───── INPUT DATA

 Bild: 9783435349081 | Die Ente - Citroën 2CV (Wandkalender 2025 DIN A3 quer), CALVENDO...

──────────
───── INPUT DATA

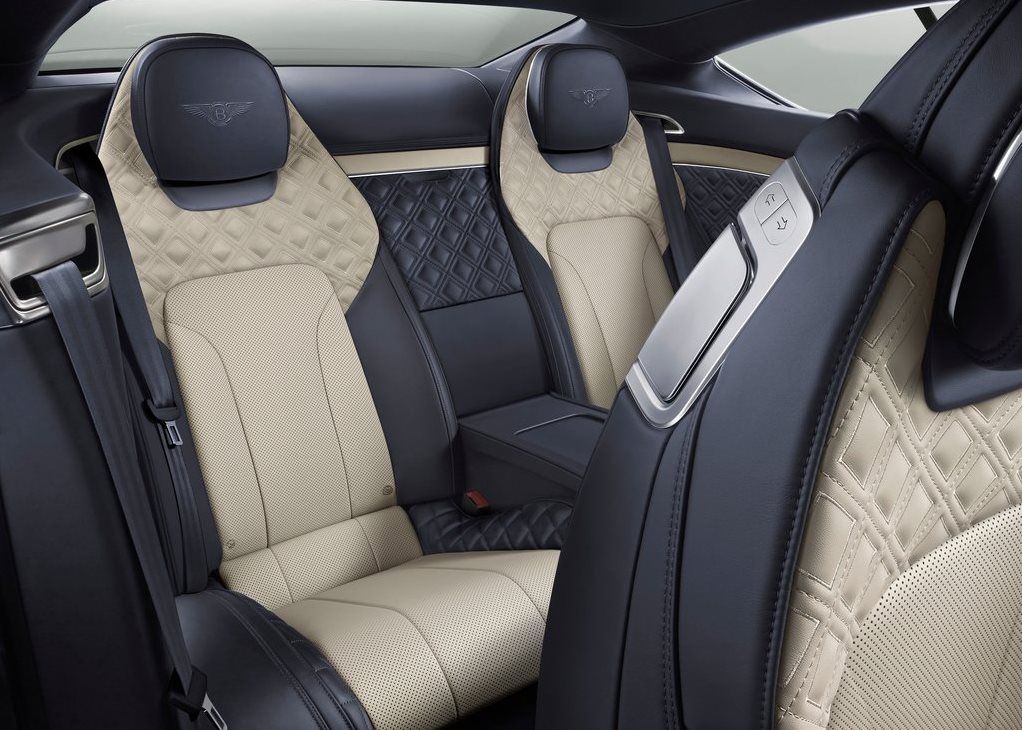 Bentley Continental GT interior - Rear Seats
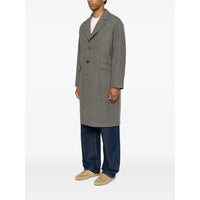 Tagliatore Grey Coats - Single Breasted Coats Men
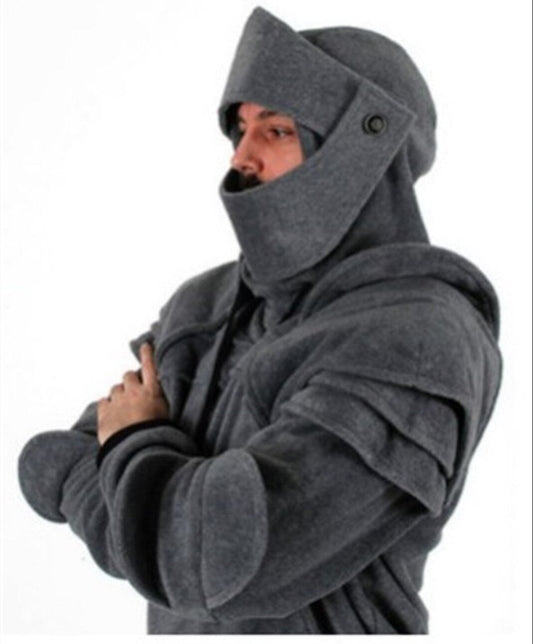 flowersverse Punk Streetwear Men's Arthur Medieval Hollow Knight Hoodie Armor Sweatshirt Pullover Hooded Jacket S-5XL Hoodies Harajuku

──────────
───── INPUT DATA

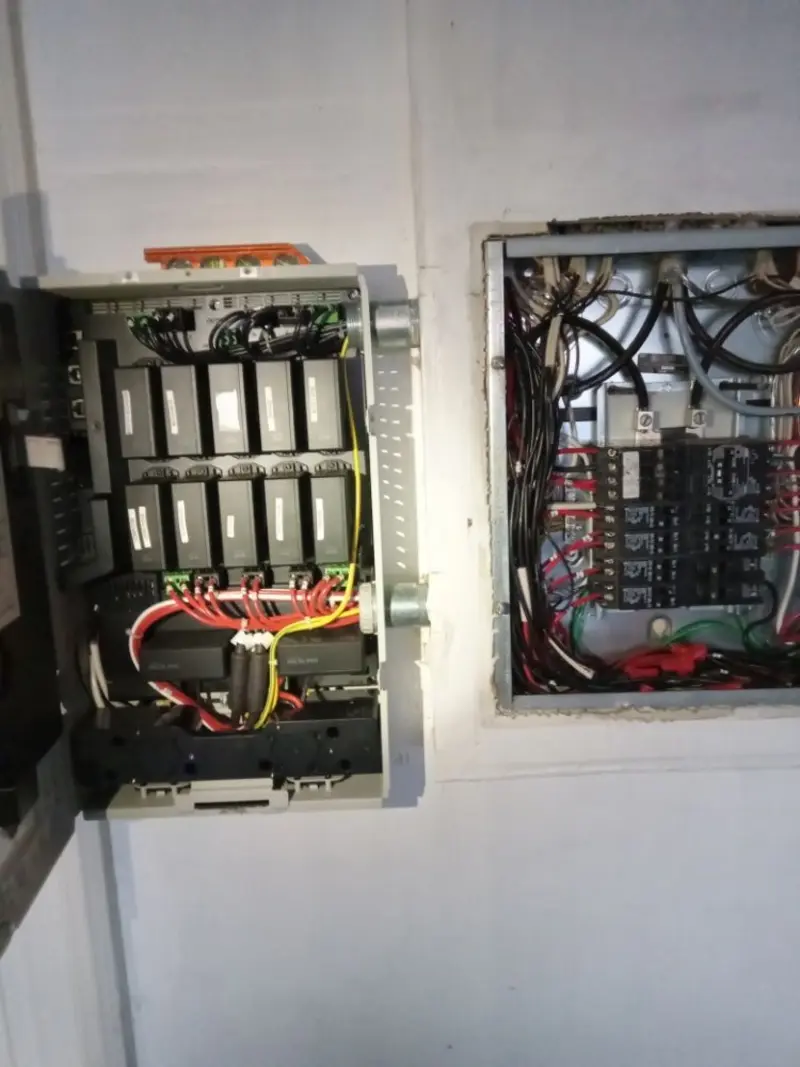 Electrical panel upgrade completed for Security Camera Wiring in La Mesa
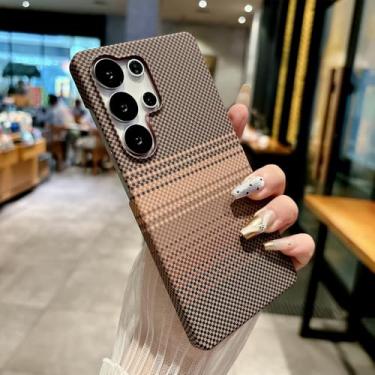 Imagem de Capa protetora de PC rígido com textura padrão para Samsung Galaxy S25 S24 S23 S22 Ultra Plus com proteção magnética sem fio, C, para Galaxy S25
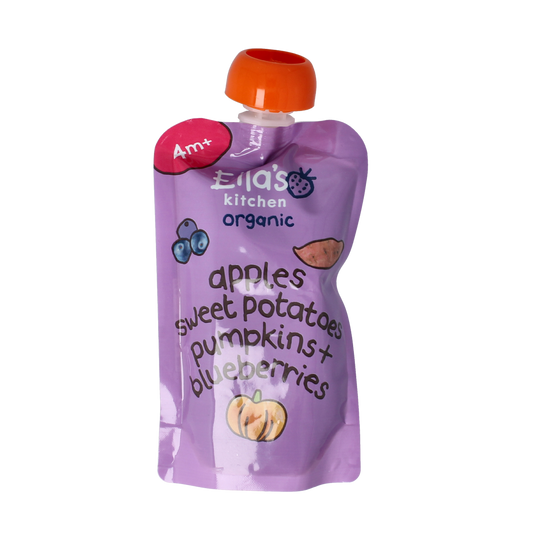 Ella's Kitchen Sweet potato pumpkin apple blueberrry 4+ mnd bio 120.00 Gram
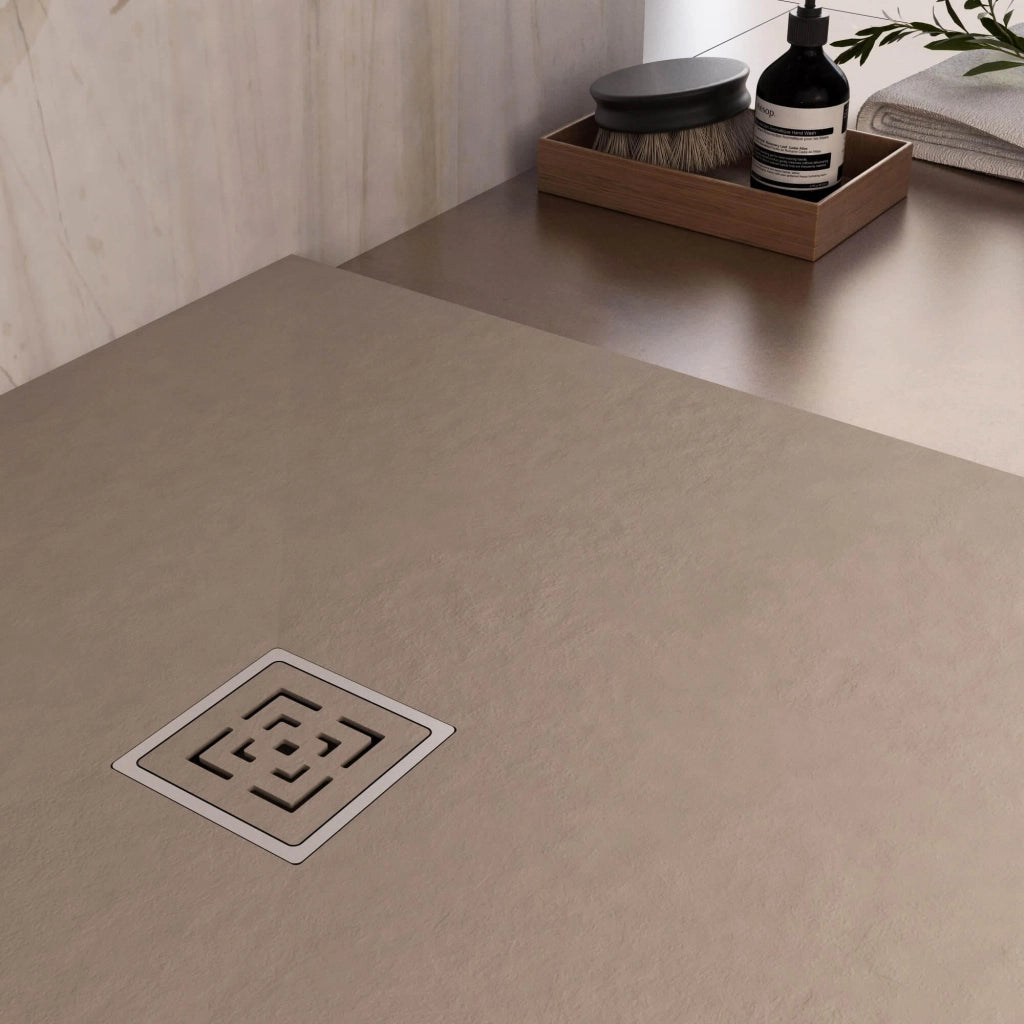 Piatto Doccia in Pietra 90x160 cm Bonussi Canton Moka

──────────

**AIM OF THE EXERCISE**
Exactly as written above, retype the lines starting at the one holding "Ella's Kitchen Sweet" and ending at the one holding "Piatto Doccia in", both included, but not the pictures.

**REPLY TO THE EXERCISE**
 Ella's Kitchen Sweet potato pumpkin apple blueberrry 4+ mnd bio 120.00 Gram
 Piatto Doccia in Pietra 90x160 cm Bonussi Canton Moka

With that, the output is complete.